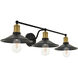 Etude 3 Light 33 inch Brass and Black Wall Sconce Wall Light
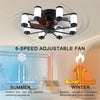 Windmill Flush Mount Ceiling Fan Light with Remote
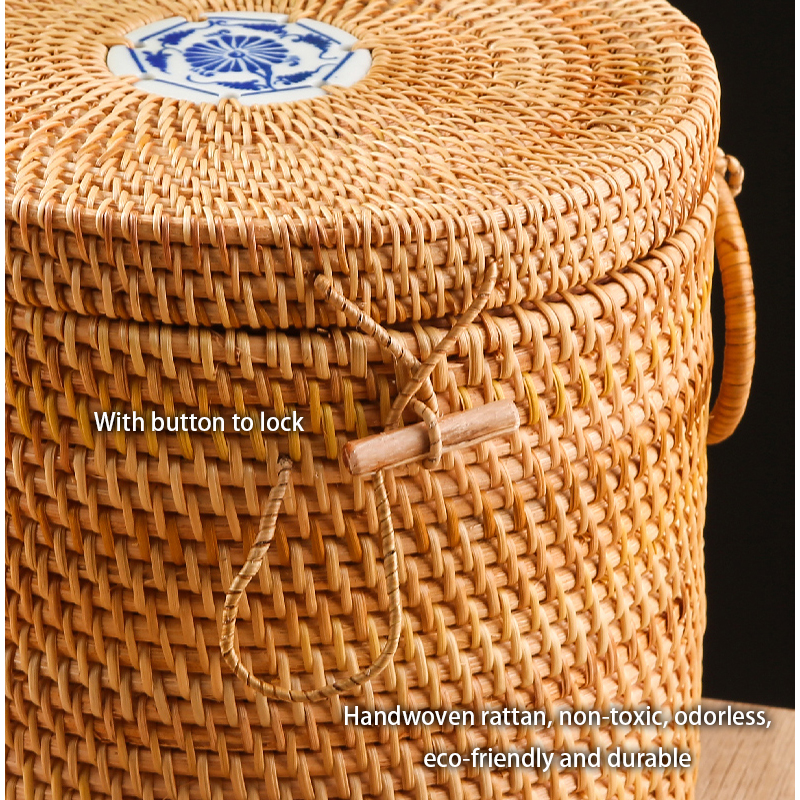 Handwoven Rattan Tea Storage B - Food Snacks That Are Green บทวิจารณ์และราคา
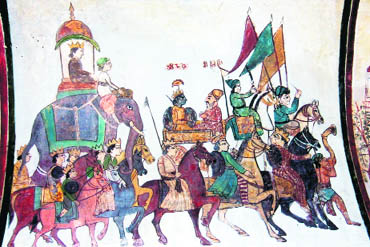 A mural showing a religious procession 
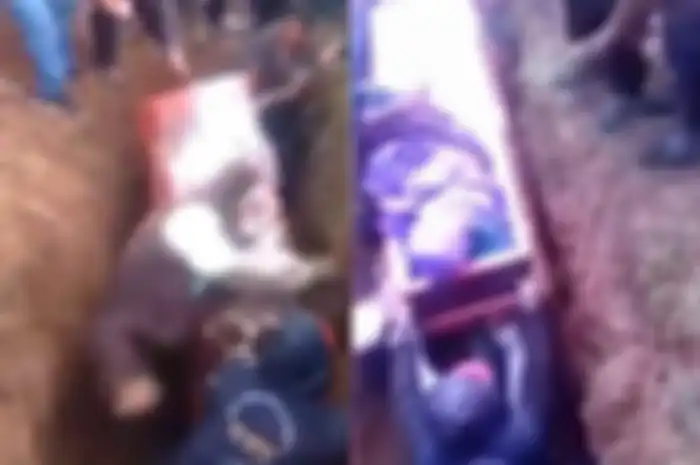 Jenazah jatuh saat prosesi pemakaman berlangsung.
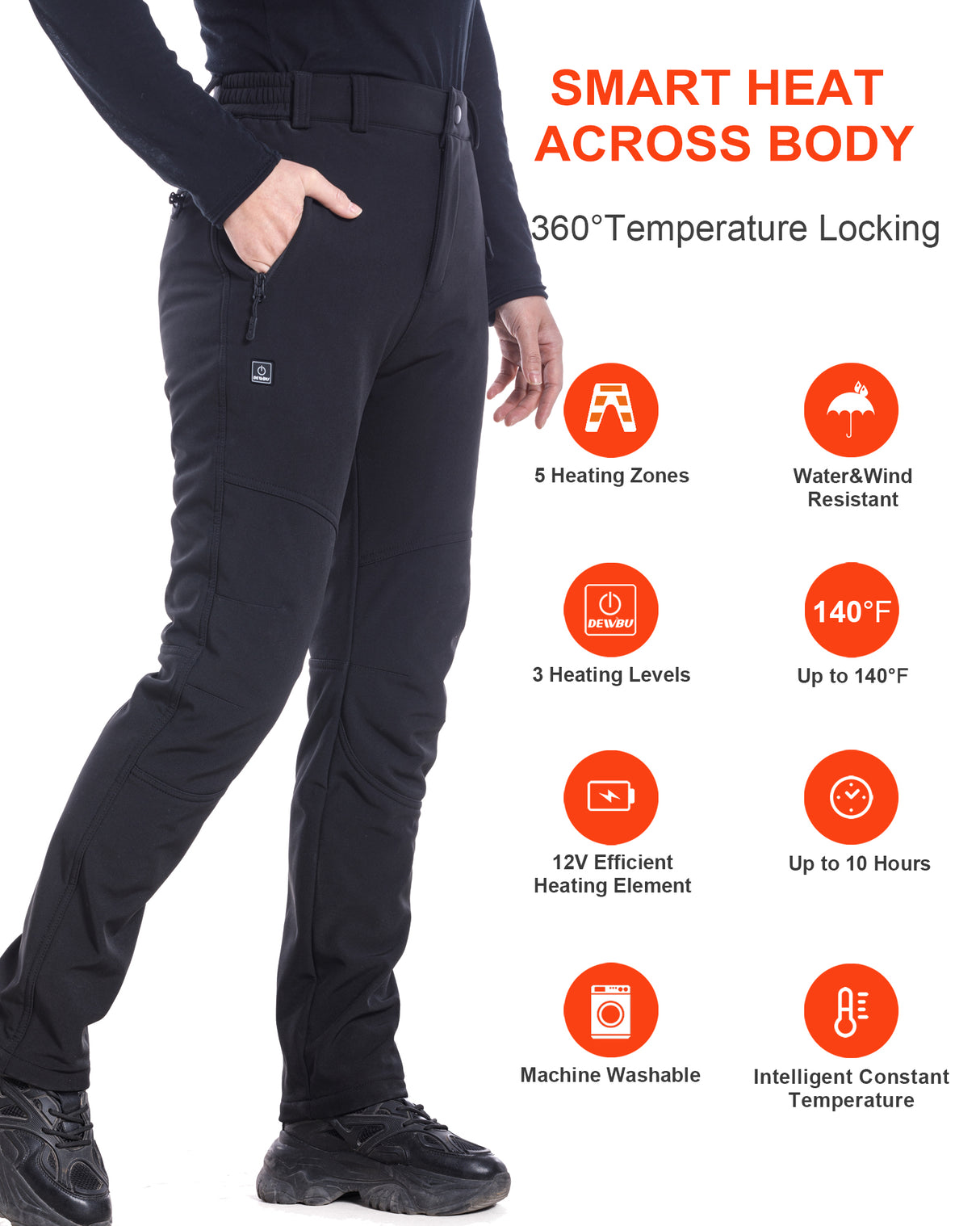 DEWBU® Men's Soft Shell Heated Pants with 12V Battery Pack Fleece Lined -  Black Camo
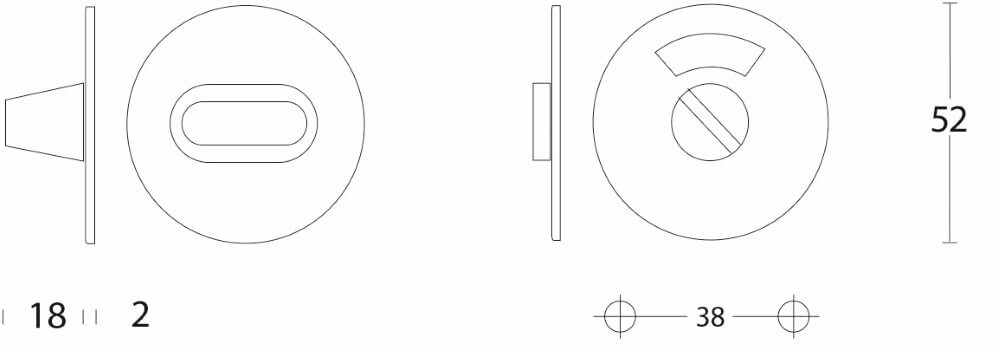 Fermeture des toilettes Tira plat en acier inoxydable Ø 5cm avec fenêtre Intersteel 8714186039922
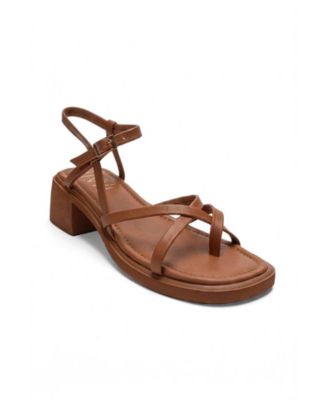 Forever and Always Shoes Women's Cirelle Leather Block Heel Sandal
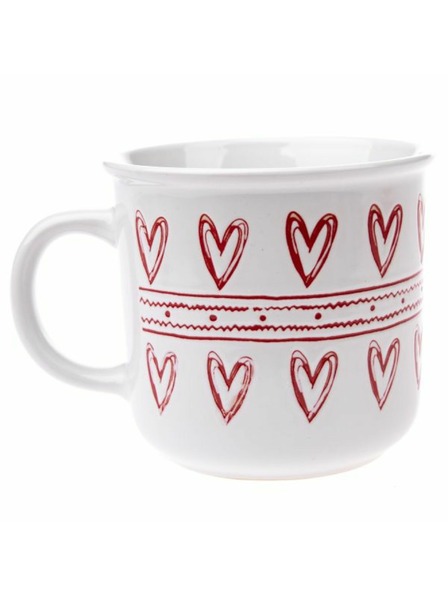 Casa de Engel Cană ceramică cu inimi, albă, 450ml, 6/36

---*---

# Task item
Pictures excluded, transcribe the listing above exactly from the line with "Jenazah jatuh saat" through the line with "Fermeture des toilettes", and no further.

# Answer area
 Jenazah jatuh saat prosesi pemakaman berlangsung.
 DEWBU® Men's Soft Shell Heated Pants with 12V Battery Pack Fleece Lined -  Black Camo
 Fermeture des toilettes Tira plat en acier inoxydable Ø 5cm avec fenêtre Intersteel 8714186039922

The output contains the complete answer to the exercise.